Le cadre actualisé impose des déclarations de biens et d'intérêts plus fréquentes et plus détaillées. Il élargit les catégories de personnes assujetties à l'obligation et introduit des procédures de vérification plus strictes par l'Instance Nationale de la Probité, de la Prévention et de la Lutte contre la Corruption (INPPLC).
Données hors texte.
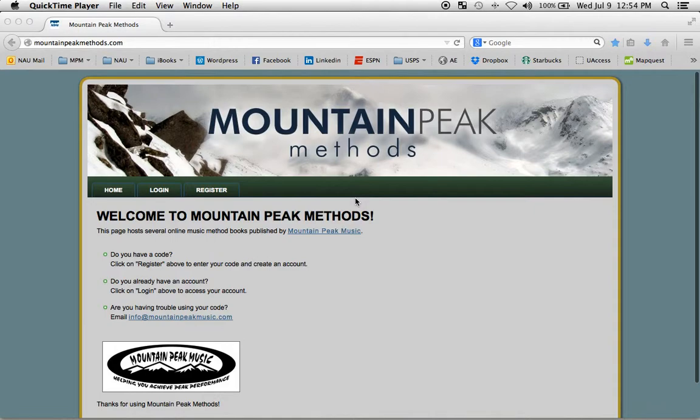In order to use the web content, you'll need an access code and you'll need to navigate to this webpage. It's mountainpeakmethods.com, and here's the homepage.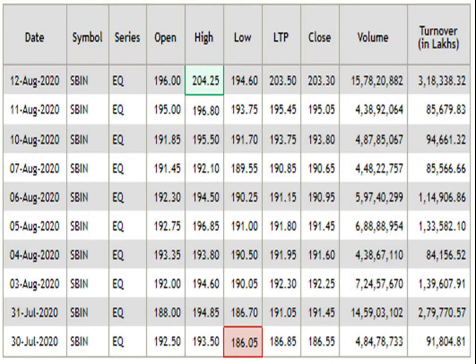This is the 15-day data analysis. According to this, the resistance level is 204.25 and the support level is 186.05. The traded volume is pretty impressive.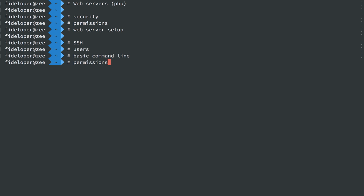We'll talk about permissions and how they trickle down into your web server setup. We'll use Nginx and PHP and talk about firewalls.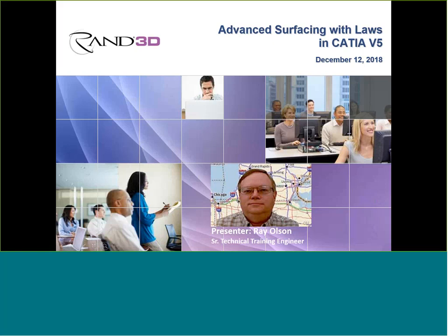Hello everyone, and welcome to our webcast today: Advanced Servicing with Laws in CATIA V5. Our presenter is RAN3D's Senior Technical Training Engineer, Ray Olson. Ray has extensive experience consulting and training in CATIA, and he is a certified CATIA V5 part design expert as part of the Dassault System Certified Professional Program. We're very happy to have you with us today, Ray. I'll now pass things over to you.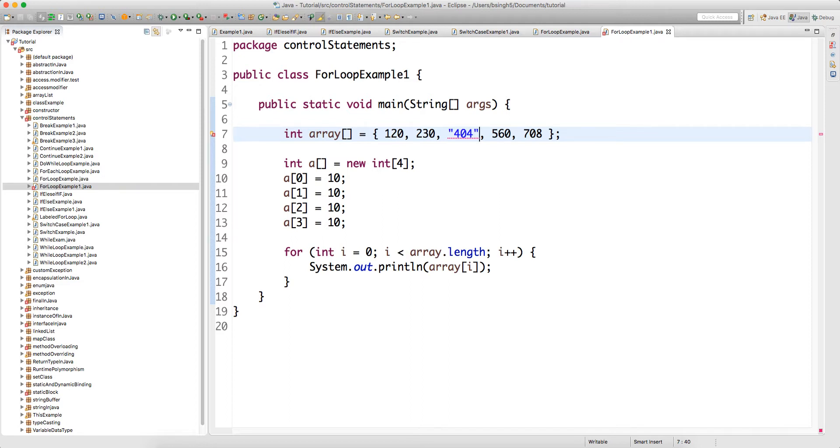The first one is the data of type array; the second one is also the data of type array. In the second one, you are saying that I am creating the array which will hold four data. How do you hold that? You have to write a of 0 equal to some value, then a of 1, a of 2, a of 3. Now there is another thing we need to be careful about. Whatever type of array you are defining, when you are trying to store the data in the array, it should match with the type. When the type is integer but you are trying to store string data, you will get a compile time error.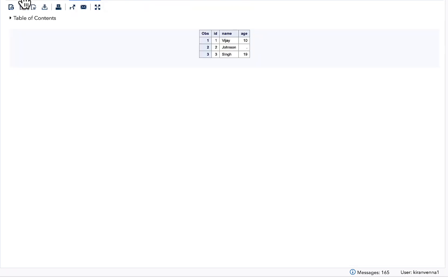To sum up: whenever we have the same variables in two or more datasets in a merge statement, the first (left) dataset impacts the attributes of the variable, whereas the second (right) dataset overwrites the values. That's all for this video. If you liked it, please give it a thumbs up, share, and subscribe. Thank you.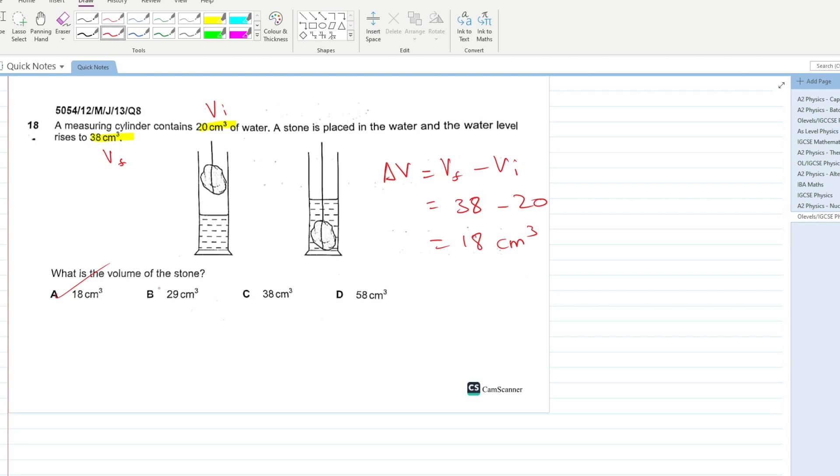That's it for the density and volume past papers. If you have any questions, ask in the chat. The PDF is attached in the description below. Thank you for watching.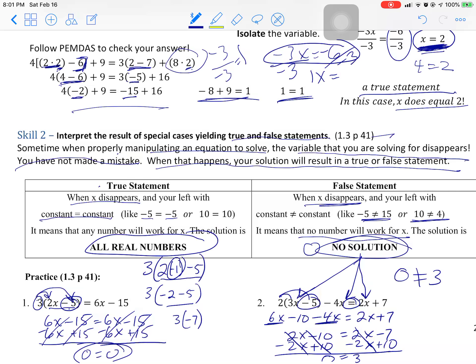So to summarize: the first example had one number that worked for x to make both sides equal. The second example had any number working to make both sides equal — all real numbers. This last one had no numbers that work to make each side equal to each other. We're going to do another one for practice.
Les autorités affirment que cette réforme cherche à combler les failles et à mettre fin aux pratiques opaques dans la gestion du patrimoine des responsables. Cette initiative s'inscrit dans des réformes plus larges de la gouvernance, prônées par la société civile et les partenaires internationaux pour une plus grande redevabilité.
Le non-respect de ces nouvelles obligations déclaratives peut entraîner des sanctions administratives et, en cas d'enrichissement illicite, des poursuites pénales. Le gouvernement soutient que ces étapes sont cruciales pour renforcer la confiance du public et l'intégrité des institutions.